▸ Problem requirements: Quote the entries below from the line with "Photo of 823" through the line with "Fashion Lu-Vi bags - 4305", both ends included, and only those lines.

Recorded data Start Marker

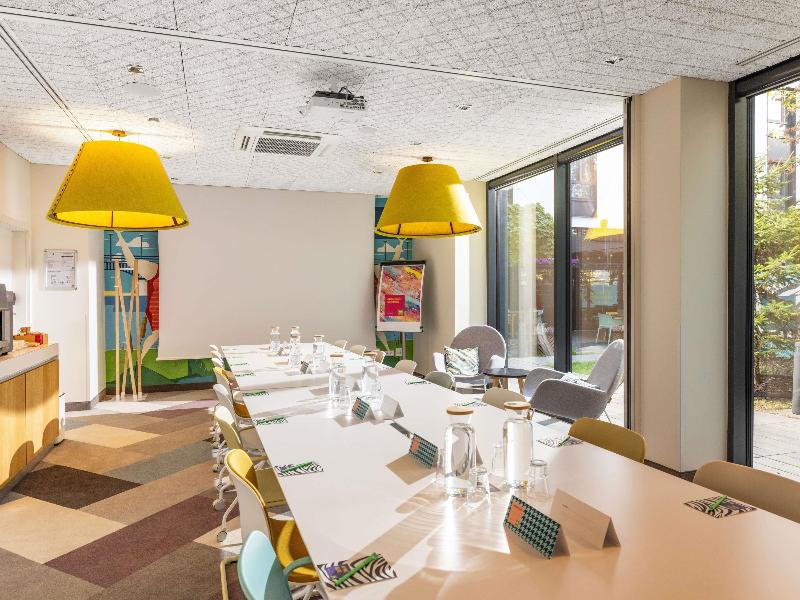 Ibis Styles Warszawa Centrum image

Recorded data End Marker
Recorded data Start Marker

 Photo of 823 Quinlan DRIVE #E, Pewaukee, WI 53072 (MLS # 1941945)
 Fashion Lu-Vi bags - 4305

Recorded data End Marker

▸ Reply to the task:
 Photo of 823 Quinlan DRIVE #E, Pewaukee, WI 53072 (MLS # 1941945)
 Fashion Lu-Vi bags - 4305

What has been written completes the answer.